*Exercise prompt:* Output the whole listing exactly, with no pictures.

*Records for this exercise:*
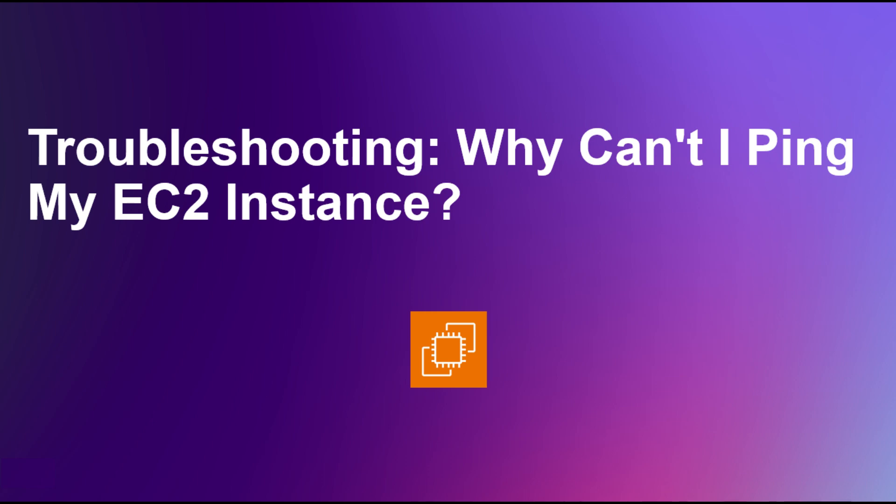Hello everyone, and welcome back to the channel. In this video, we will troubleshoot why you can't ping your Amazon EC2 instance.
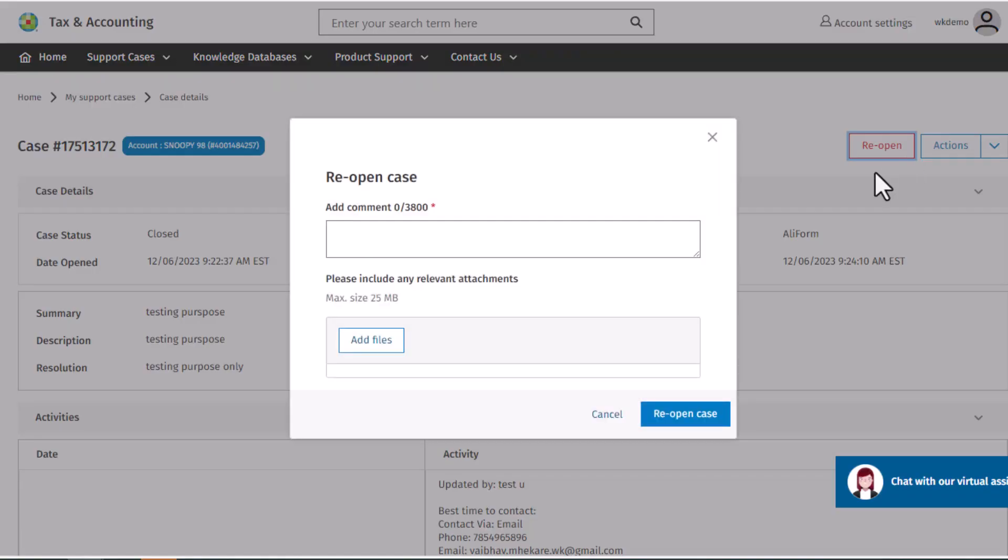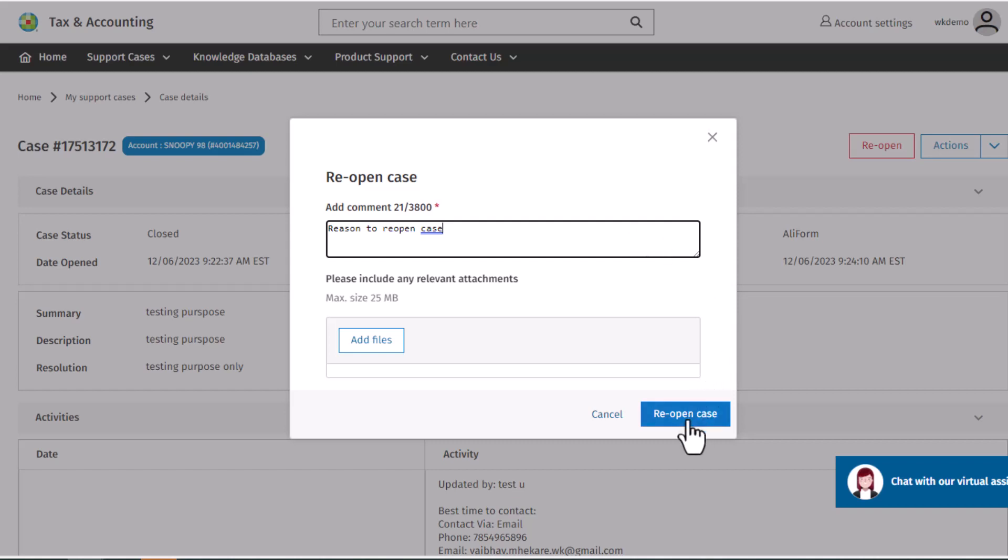Add the reason you're re-opening the case in the comment field. Add a file if necessary, then click re-open case.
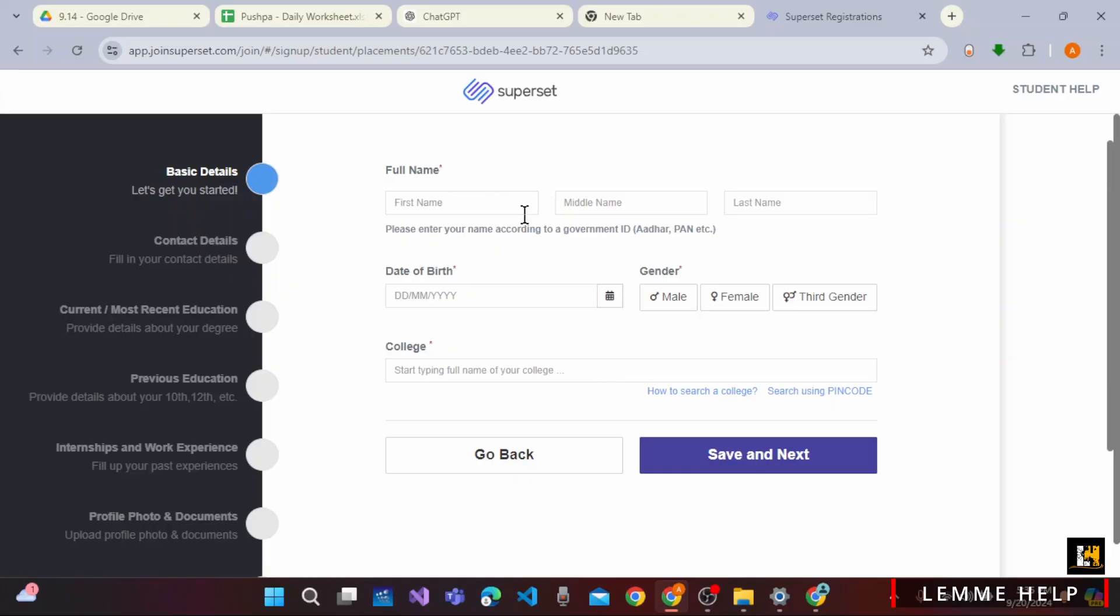So let's enter all of this information. And after that, you will get access to the next section where you have to enter your contact details.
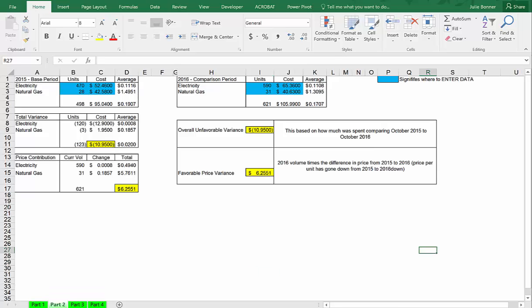In the next calculation I'm looking at how price affects that overall variance. The calculation uses the volume from 2016 and looks at the unit price difference between 2015 and 2016. In this calculation you can see that the price impact is a positive one — from 2015 to 2016 the actual unit price fell for both electricity and natural gas.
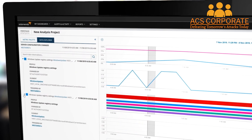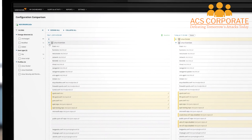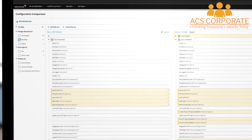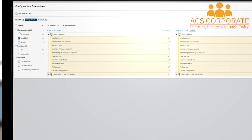Monitoring for configuration changes to maintain the availability, performance, and security of your services can be impossible without the right tool. SolarWinds Server Configuration Monitor is designed to quickly reveal when server or application configurations change, who changed them, how they were changed, and if the change affected performance. This gives you critical visibility and helps you troubleshoot faster.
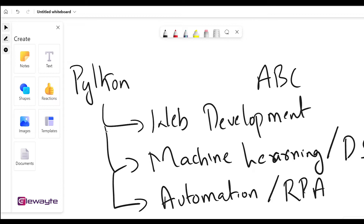If we talk about automation or RPA, Python again has pretty powerful libraries for us — for instance, Selenium and scraping libraries like BeautifulSoup, and many more. With the help of these we'll be able to achieve RPA and automation.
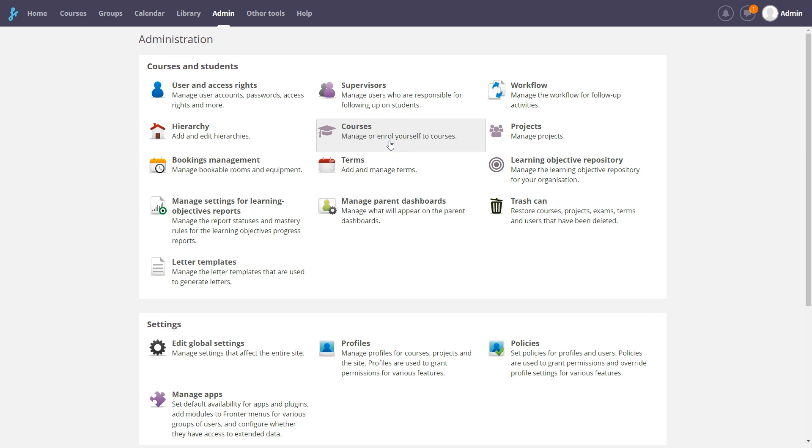You will find more information about course management in the video Template Courses. Good luck!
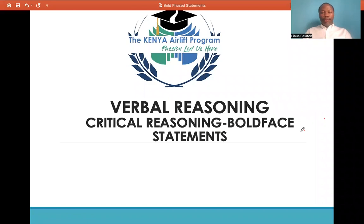Hello and welcome to this video. My name is Linus Karamat, one of the Kenya Airlift Programme Team Art Trainers. In this video, we are going to focus on verbal reasoning. More specifically, we are going to look at one of the subsections of verbal reasoning, and that is critical reasoning.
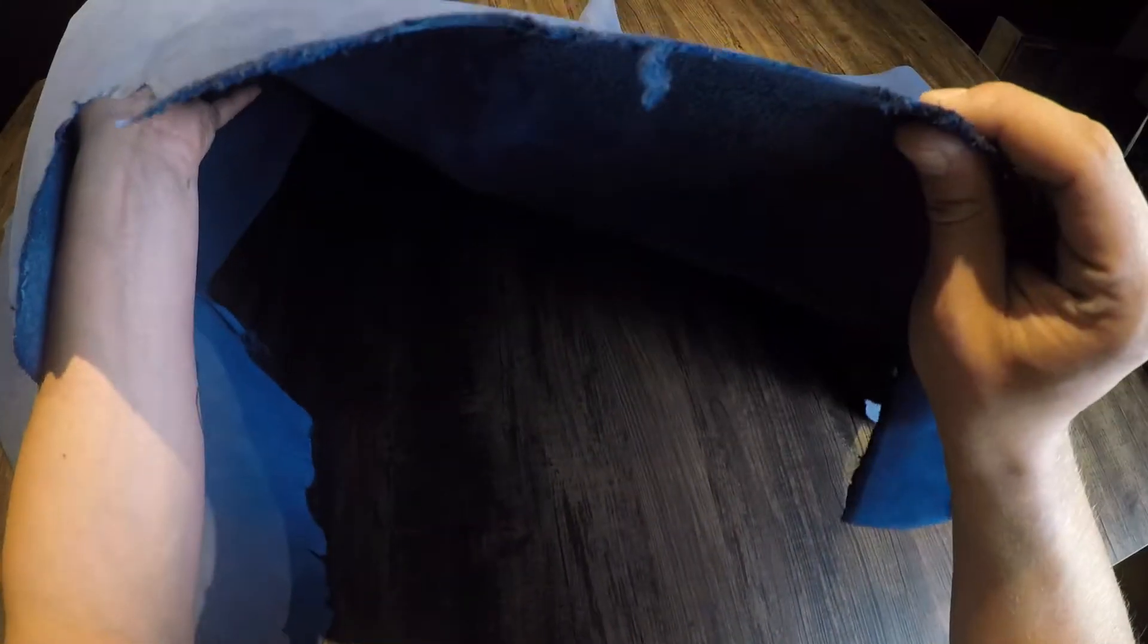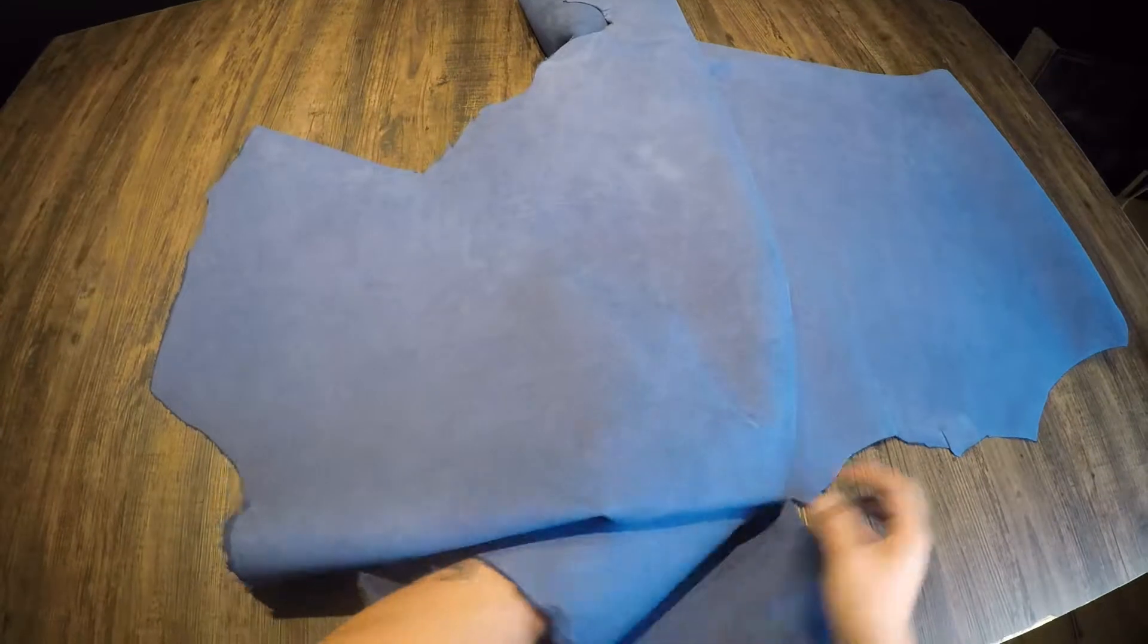This is the Tasman medium suede blue. This is a three to four ounce chrome tanned leather.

*Response to the task:*
Hello everyone, and welcome back to the channel. In this video, we will troubleshoot why you can't ping your Amazon EC2 instance.
Add the reason you're re-opening the case in the comment field. Add a file if necessary, then click re-open case.
So let's enter all of this information. And after that, you will get access to the next section where you have to enter your contact details.
In the next calculation I'm looking at how price affects that overall variance. The calculation uses the volume from 2016 and looks at the unit price difference between 2015 and 2016. In this calculation you can see that the price impact is a positive one — from 2015 to 2016 the actual unit price fell for both electricity and natural gas.
Monitoring for configuration changes to maintain the availability, performance, and security of your services can be impossible without the right tool. SolarWinds Server Configuration Monitor is designed to quickly reveal when server or application configurations change, who changed them, how they were changed, and if the change affected performance. This gives you critical visibility and helps you troubleshoot faster.
If we talk about automation or RPA, Python again has pretty powerful libraries for us — for instance, Selenium and scraping libraries like BeautifulSoup, and many more. With the help of these we'll be able to achieve RPA and automation.
You will find more information about course management in the video Template Courses. Good luck!
Hello and welcome to this video. My name is Linus Karamat, one of the Kenya Airlift Programme Team Art Trainers. In this video, we are going to focus on verbal reasoning. More specifically, we are going to look at one of the subsections of verbal reasoning, and that is critical reasoning.
This is the Tasman medium suede blue. This is a three to four ounce chrome tanned leather.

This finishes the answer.